A second case of the devastating kiwifruit vine disease Psa-V has been confirmed in Hawke's Bay, with growers upping their spray regimes again.
The outbreak was confirmed yesterday in an orchard close to where the first case of the bacterial infection was found on October 12, on Omaranui Rd, near Taradale.
Growers were increasingly anxious, Hawke's Bay Fruitgrowers Association kiwifruit chairman Peter Olsen said.
"What can we do - we are already doing everything practical that we can as far as orchard hygiene is concerned," he said.
"There will probably be a bit more spraying done to protect the canopy - it's a pretty horrible pest to try and deal with. My understanding is it can't travel on its own - it adheres to moisture and dust. It is extremely difficult to contain something like that."

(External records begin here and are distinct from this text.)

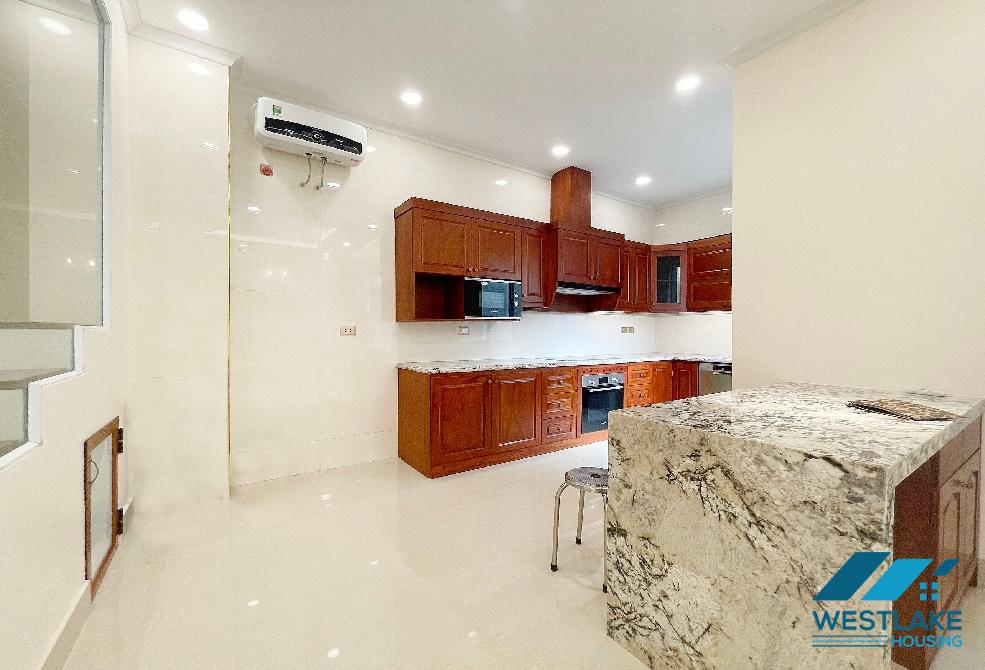 Biệt thự 4 phòng ngủ sang trọng tại Ciputra, Tây Hồ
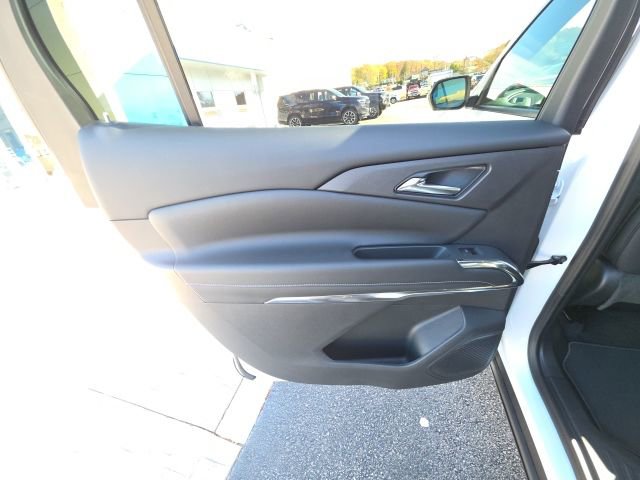 New 2026 Chevrolet Traverse LT w/ Driver Confidence Package image 23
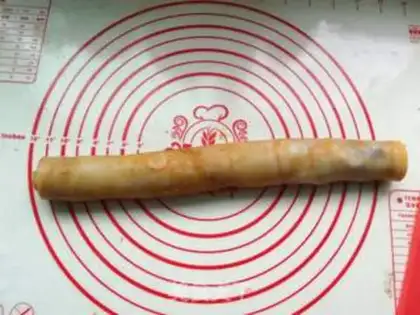 Make Donkey rolls step 8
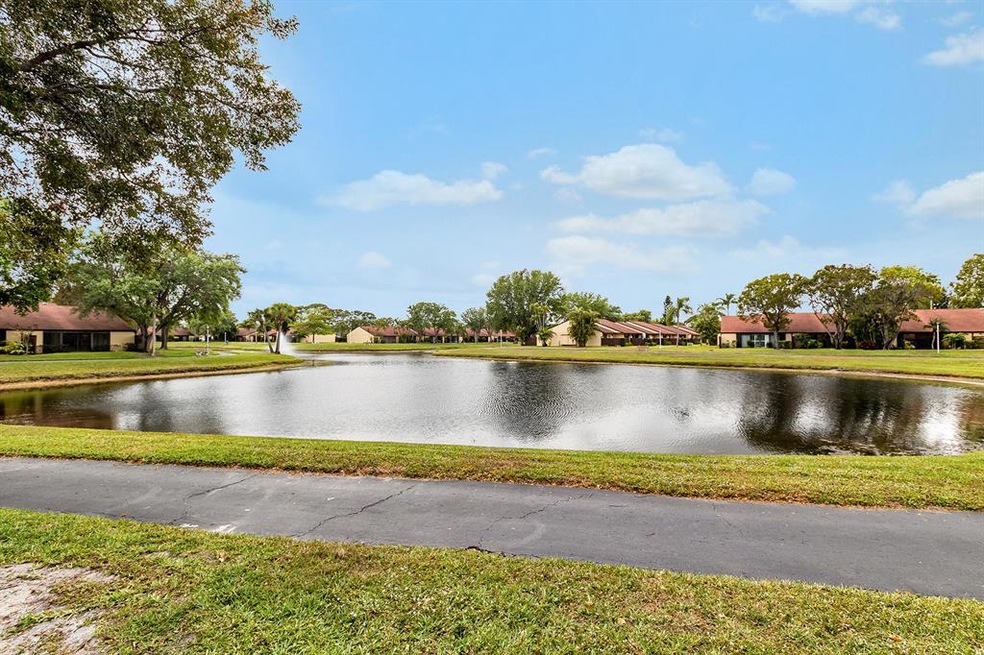 1022 green pine blvd #g (18)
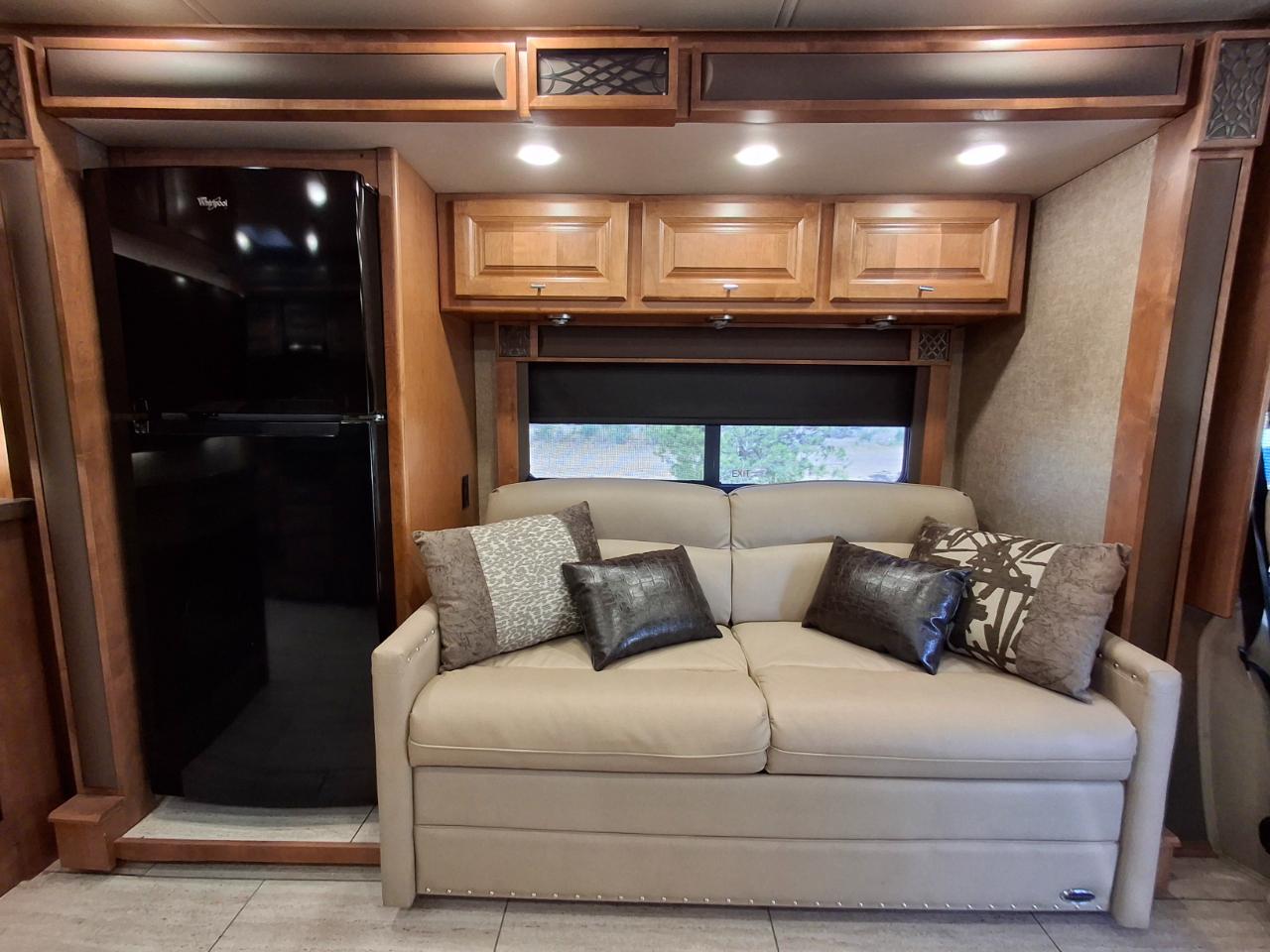 Tiffin Motorhomes Breeze  2018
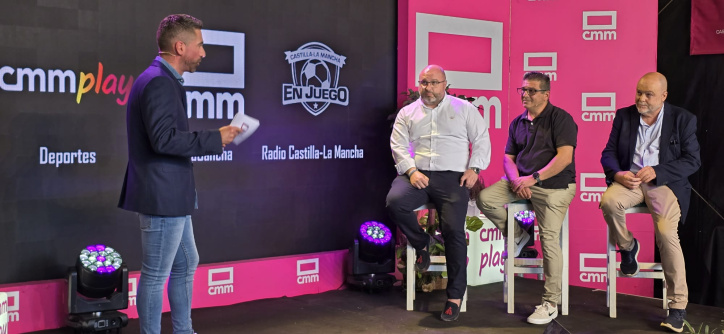 Alberto Abril, presentador del acto, charlando con los representantes de los diferentes equipos regionales de la diferentes disciplinas deportivas.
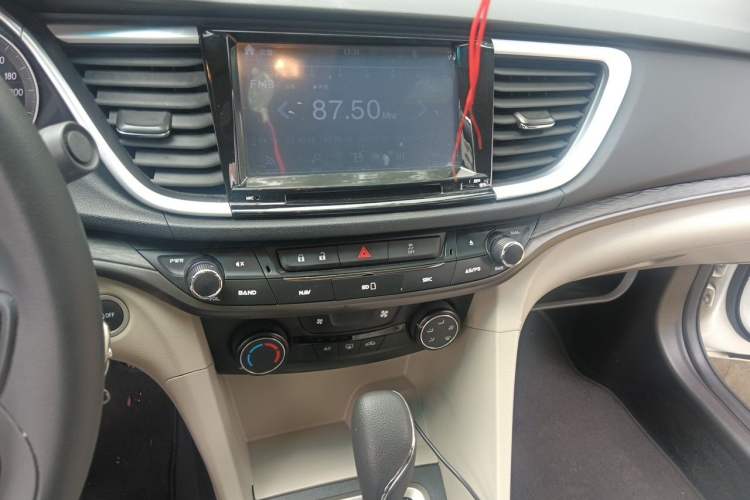 Used Buick GT 2015 15N Automatic Elite Version Audio And AC Panel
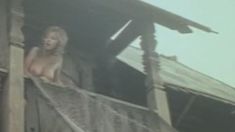 Голая грудь Ольги Жулиной в фильме «На помощь, братцы!» фото #20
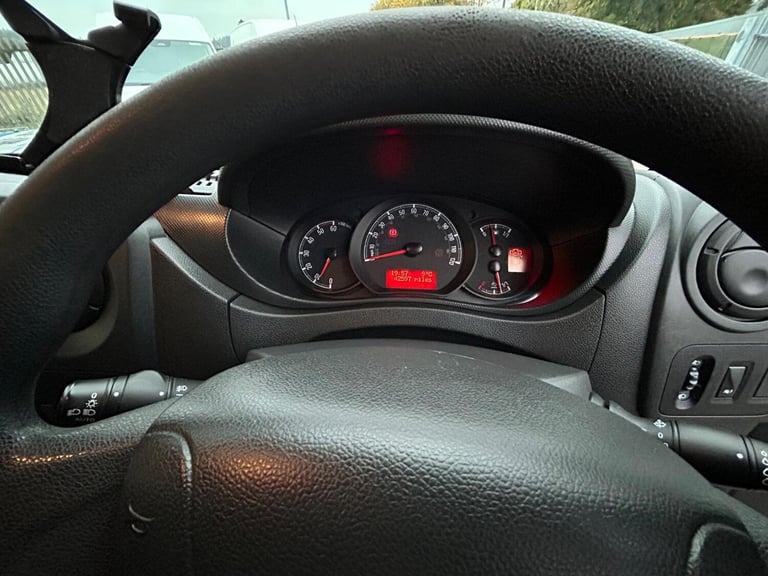 VAUXHALL MOVANO 2.3 CDTi 3500 Lo Loader Box Luton Van Air Con White Manual Diese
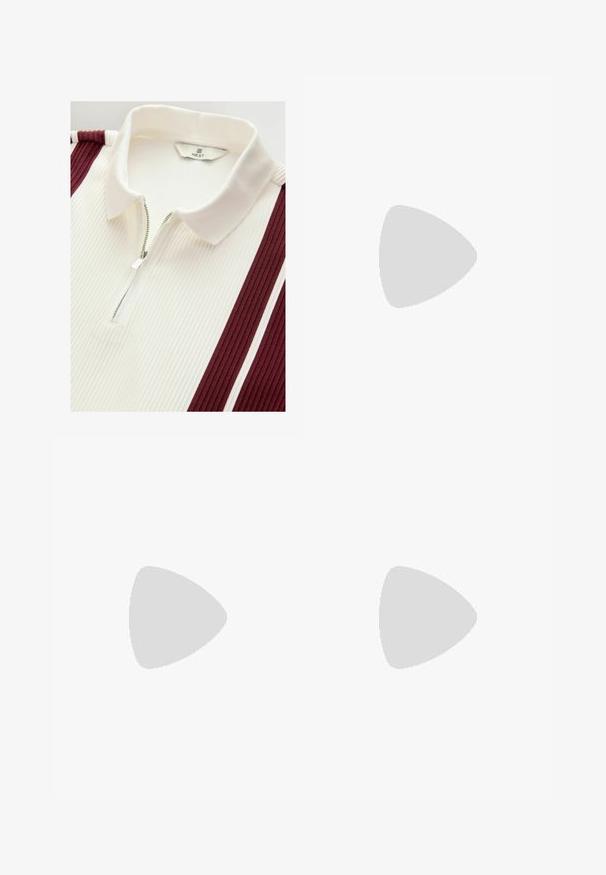 Next VERITCAL STRIPE - REGULAR FIT - Piké - burg white; Ljusblå denimjeans med lös passform, featuring fem fickor, dragkedja och synlig sömnad. Tyget har en mjuk textur.; Vita lädersneaker med en texturerad gummitåspets, tre sidostreck och en vadderad krage. Platta vita skosnören och en minimalistisk design.; Metallinramade solglasögon med ovala gröna linser. Tunn silvermetallram och svarta öronpluggar. Minimalistisk design, inga synliga logotyper.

Last week Hawke's Bay suffered gale-force winds.
The outbreak was found on gold-variety Hort16A, which growers were encouraged to replace with the more-resistant G3 variety, also a gold kiwifruit, but growing techniques for it have yet to be fully refined.
G3 was grafted on to remaining rootstock, which also showed good resistance to the disease.
"I don't have G3 myself, I just have the old green Hayward variety, but many are putting a lot of faith in it."
He said grower meetings with disease-control agency Kiwifruit Vine Health (KVH) were useful for staying up to date "but there seems to be no magic bullet - we've just got to do what we can".
Last week's meeting had representatives from Hawke's Bay's 50 kiwifruit orchards, he said.
A Hawke's Bay Controlled Area has been established around 43.
KVH called a second meeting of growers for today at Crown Research Institute Plant and Food in Havelock North.
Mr Olsen said "good information" had been given at the first meeting "but nothing dramatically new".
"It was a reinforcement of what we have been told before and what has been learned at the Bay of Plenty over the last couple of years." Figures released by Kiwifruit Vine Health showed the disease had continued to spread.
Forty-two new cases were discovered last week - 21 in Te Puke, seven in Katikati, five in Tauranga east, four in Tauranga west, two in Waikato, two in Franklin, and one in Opotiki. The total number of infected orchards so far was 1670.
Last month the Commerce Commission found there was no conclusive evidence to show the imported pollen sold by Kiwi Pollen caused the Psa outbreak, but the company had misled growers into thinking its pollen came from New Zealand.
"We all knew it would arrive here one day and we have just got to try and learn how to manage it," Mr Olsen said.
A Ministry for Primary Industries report estimated the profit of a typical Bay of Plenty orchard would fall by a third.